* WHAT THIS TASK INVOLVES:
Transcribe, word for word, every line from the one containing "Schöne junge Frau" through the final line of the records, and omit the pictures.

Recorded data:
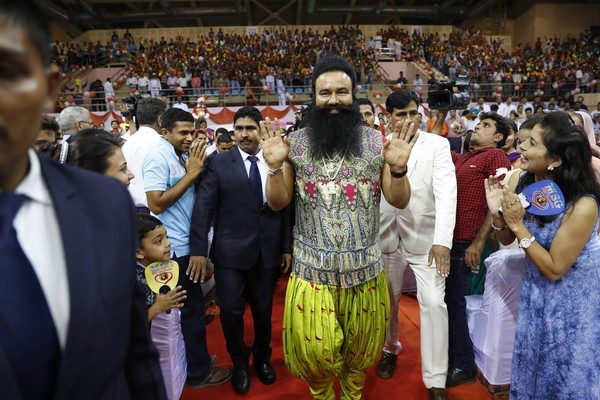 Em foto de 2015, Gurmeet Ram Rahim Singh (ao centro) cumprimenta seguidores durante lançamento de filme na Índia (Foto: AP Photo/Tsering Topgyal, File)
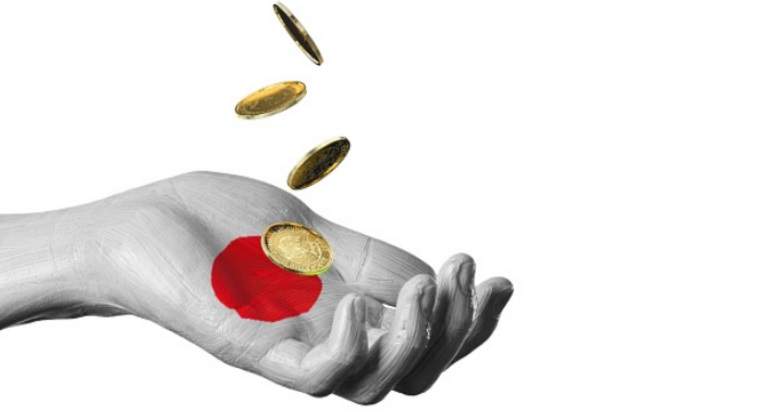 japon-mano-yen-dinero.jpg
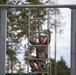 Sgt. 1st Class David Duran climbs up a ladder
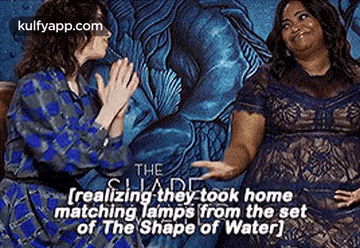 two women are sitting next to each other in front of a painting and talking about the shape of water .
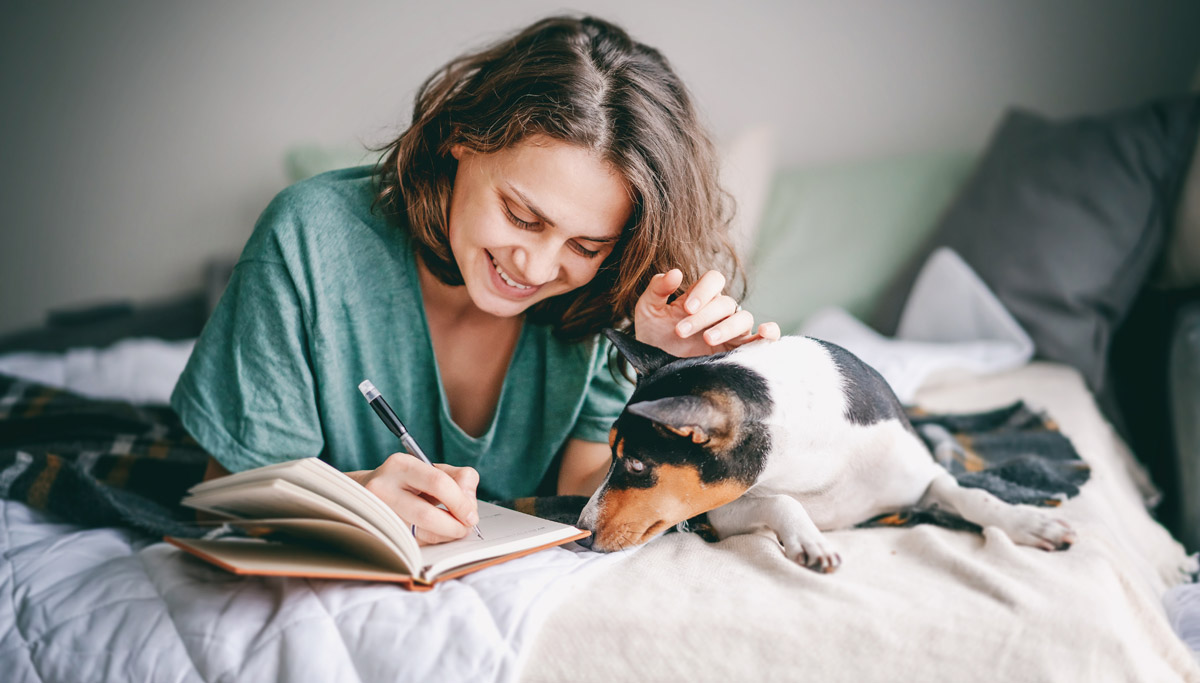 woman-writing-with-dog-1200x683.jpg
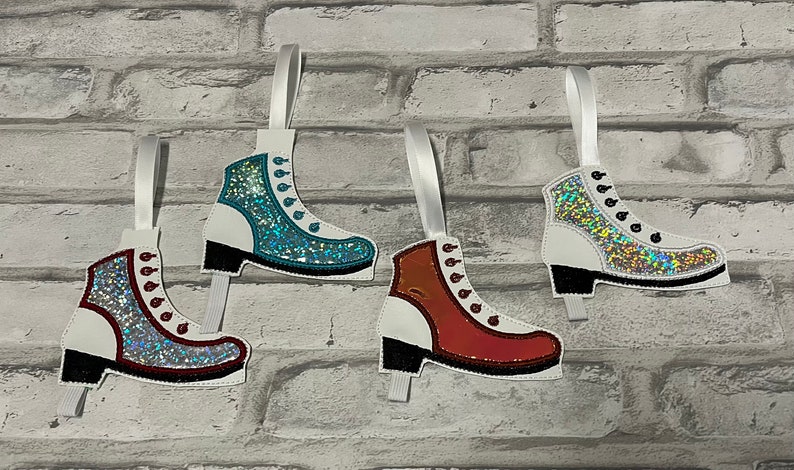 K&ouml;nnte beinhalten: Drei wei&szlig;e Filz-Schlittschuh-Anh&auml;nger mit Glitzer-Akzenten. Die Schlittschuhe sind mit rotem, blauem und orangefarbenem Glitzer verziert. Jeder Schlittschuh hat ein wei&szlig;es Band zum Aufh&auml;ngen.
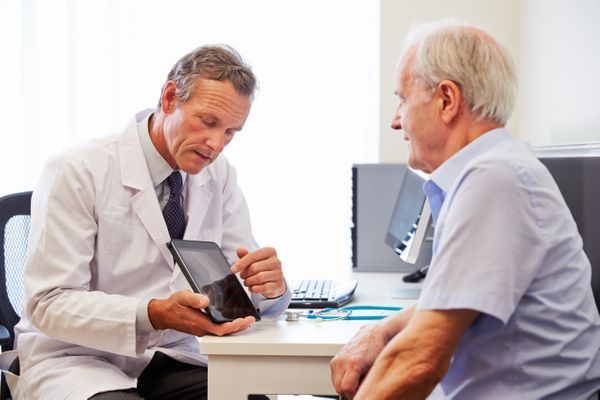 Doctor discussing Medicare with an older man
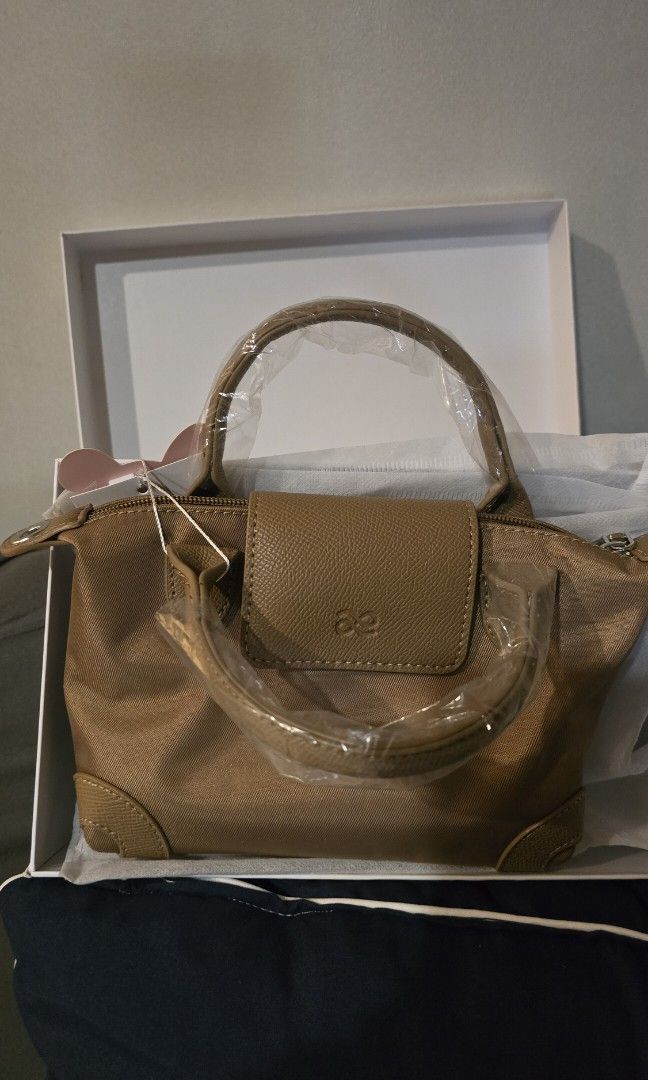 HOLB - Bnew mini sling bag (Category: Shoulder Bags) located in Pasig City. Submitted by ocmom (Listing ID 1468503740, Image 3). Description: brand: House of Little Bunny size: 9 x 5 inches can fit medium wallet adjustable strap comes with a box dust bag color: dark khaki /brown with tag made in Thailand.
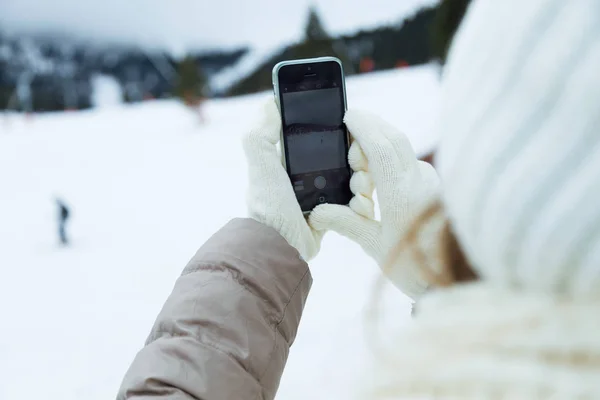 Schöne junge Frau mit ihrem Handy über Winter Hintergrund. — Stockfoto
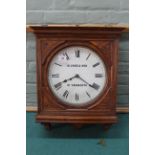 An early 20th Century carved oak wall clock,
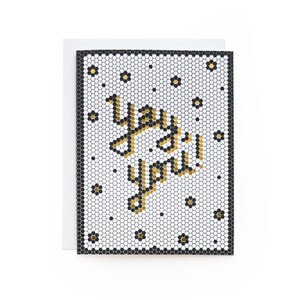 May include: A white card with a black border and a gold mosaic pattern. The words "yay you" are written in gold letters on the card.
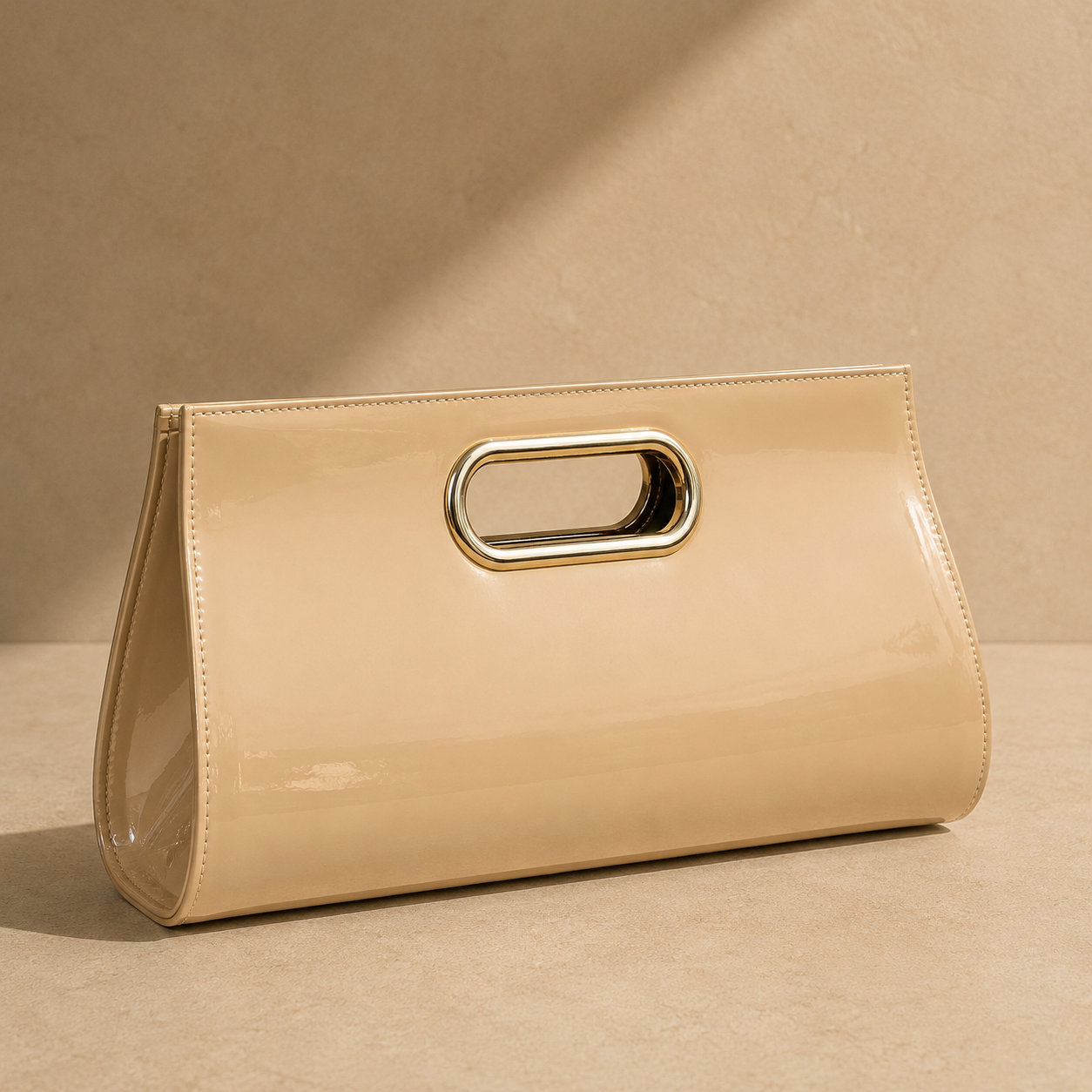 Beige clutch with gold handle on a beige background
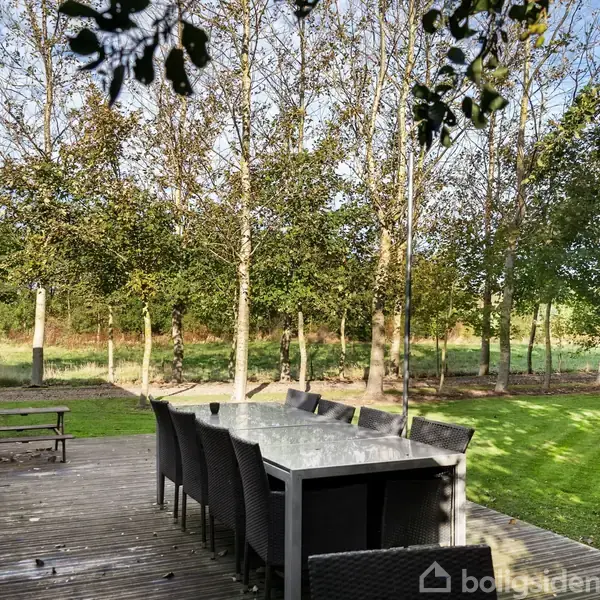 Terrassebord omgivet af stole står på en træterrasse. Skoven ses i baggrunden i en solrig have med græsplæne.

* EXERCISE RESPONSE:
 Schöne junge Frau mit ihrem Handy über Winter Hintergrund. — Stockfoto
 An early 20th Century carved oak wall clock,
 May include: A white card with a black border and a gold mosaic pattern. The words "yay you" are written in gold letters on the card.
 Beige clutch with gold handle on a beige background
 Terrassebord omgivet af stole står på en træterrasse. Skoven ses i baggrunden i en solrig have med græsplæne.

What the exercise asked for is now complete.